30 August 2019
By Sport Sleep Coach
Chronotypes are a key part of the R90 Technique, identifying your characteristic and learning to manage it can improve many aspects of your life including sleep, recovery, performance and even mood.
A chronotype describes your sleeping characteristic – whether you’re a morning (Amer) or evening person (Pmer). This not only indicates the times you get up and go to bed, but also the times that your body wants to perform the functions outlined in the circadian rhythms.
The circadian rhythms are a 24-hour internal cycle managed by our body clock. This clock regulates our internal systems such as sleeping and eating patterns, hormone production, temperature, alertness, mood and digestion, in a 24-hour process evolved to work in harmony with the Earth’s rotation. Each individual’s body clock is set by internal cues such as daylight, temperature and eating times.

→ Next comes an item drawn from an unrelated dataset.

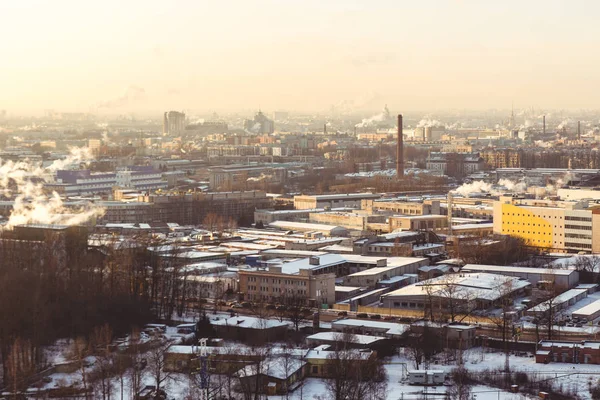 Panoráma Města Oblasti Produkce Ráno — Stock fotografie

Circadian rhythms outline what your body wants to naturally do at various times in the day. A typical Amer’s circadian rhythm would urge them to wake between 6.30am – 7am, whereas a Pmer’s rhythms are running 2-3 hours later, meaning they naturally want to wake around 10am.
So, how do you figure out your chronotype?
Sleeping characteristics are usually easy to spot. Do you like staying up and going to bed late? Do you need an alarm to get up for work in the morning? Are you partial to a nap in the daytime? Do you often sleep in on your days off? Then it’s likely that you’re a Pmer. Amers wake naturally, enjoy their breakfast and love the mornings. They tend not to need an alarm to wake them, they’re less likely to feel fatigued during the day and they go to bed reasonable early.
Now you know your chronotype you can begin to manage it to improve your productivity and wellbeing. For a Pmer, daylight in the morning is vital if you want to set your body clock to play catch up with the Amers. Get a dawn-wake stimulator, open the curtains and go outside. Pmers should also cut out lie-ins at the weekend, if you spend all week adjusting your body clock to the demands of your job, then let it all go at the weekend, you clock will drift back to its natural, slower state. Amers should utilise daylight during the afternoon when they begin to struggle, a daylight lamp at your desk is a good investment.
If you have the ability to plan your day, you should keep in mind when you’re going to be the most alert. For Amers this is during the mornings, whilst for the Pmers it’s the afternoon. Try to schedule any important meetings, work or sports performances when you are most alert for improved performance.